De arbeiders alleen. In hunne Raden.
Want alleen zijn zij niets, de arme arbeiders,
Maar in hun Raden zijn zij Alles, Alles.
In hun bedrijven maken zij de Raden,
En deze nemen den geheelen Arbeid,
Op heel de aard’ aan zich, aan zich alleen.
De arbeiders alleen in hunne Raden.

De arbeiders alleen in hunne Raden!
Want zij zijn het, die d’ Eenheid brenge’ op aarde,
De Eenheid aller menschen en de Vrijheid
Van ieder door de samenwerking aller,
En dus ’t geluk aller menschen op d’ aarde.
De arbeiders alleen. Hen, hen alleen.

Tsja. Magdalena associeert met Maria Magdalena, we denken aan Jezus en zien haar zitten aan het graf van onze zingeving, of in het niet-canonieke evangelie van Philip in een liefdesrelatie met Jezus. Van elkaar een gevaar maken is ons nieuwe copingmechanisme. Minder poëtisch is dat ‘iemand toelaten’ of ‘jezelf kwetsbaar maken’. Het verschil tussen die uitdrukkingen illustreert wat poëzie doet.

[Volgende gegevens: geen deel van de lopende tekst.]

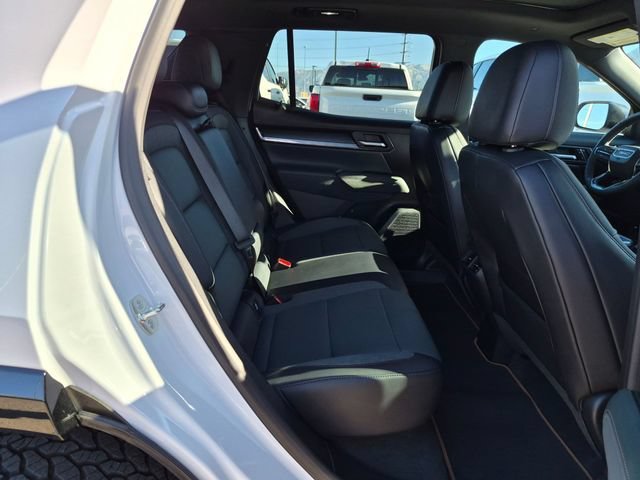 Used 2026 Summit White GMC AT4 image 31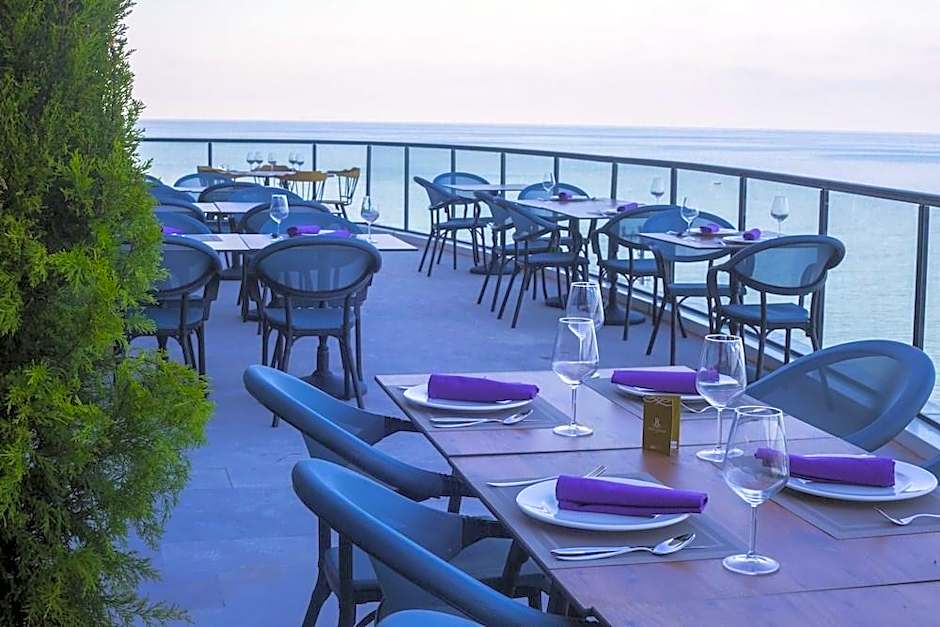 Royal Comfort Hotel
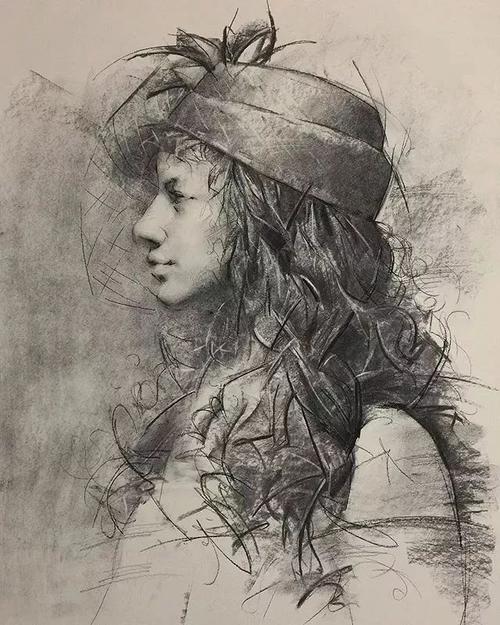 他用木炭条画出来的素描人物,让人惊叹!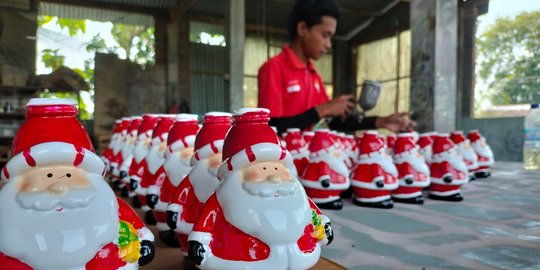 Pengrajin Souvenir Wadah Sabun Sinterklas di Jombang Banjir Orderan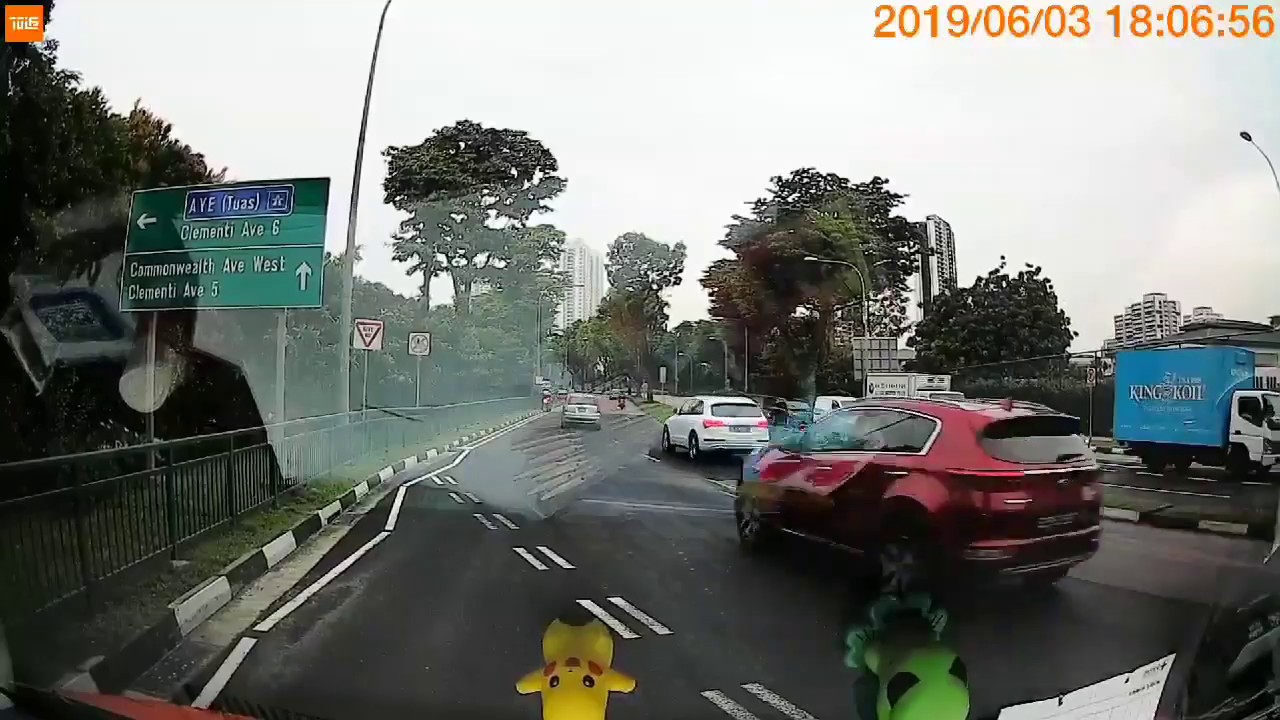 Driver putting granny and little girl in danger.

Ik wil de treinladingen arbeiders beter zien (en weg met de smakeloze associatie met de vernietigingstreinen van de Nazis); de metafoor van de plastic glimlachen moet preciezer. Wat wil het gedicht nou zeggen? Dat alle arbeiders een nepleven leiden, als horigen in een hiërarchie waarop ze hun autoriteitsbehoefte projecteren? Dat sterker uitwerken, en weg met kitsch als ik rol me in de tijd of de waarde van het gewezene. Ik zeg het niet vaak maar hier geldt het credo show, don’t tell.

Laat ons zo te werk gaan, arbeiders van het woord. We maken het beeld van de postlaborale zinvulling (excuseer dat vreselijke neologisme) lyrisch.

jezus twittert vanuit de stiltecoupé

een trein vol bewustzijnen rijdt
door het platteland en de wind
huilt rond de bovenleiding

droog ligt de polder en humorloos
iedereen is zo belangrijk op het werk
al dat werk, o o o al het werk

al die verantwoordelijkheden
al die waardigheden al die salarissen
al die beloftes van ongenaakbaarheid

al die persoonlijke ontwikkelingen
al die bevrijdingen van elkaar
vergeef het hun, vergeef het hun

ik ben op weg naar Magdalena
vader, maak van haar een gevaar

Klopt dit? Is existentiële onzekerheid alleen uit te houden wanneer we ons radicaal kwetsbaar maken, omdat we dan het centrum verliezen waar het noodlot zal toeslaan? Wat denken jullie Schrijven jullie een poëtische respons of onverbloemd commentaar?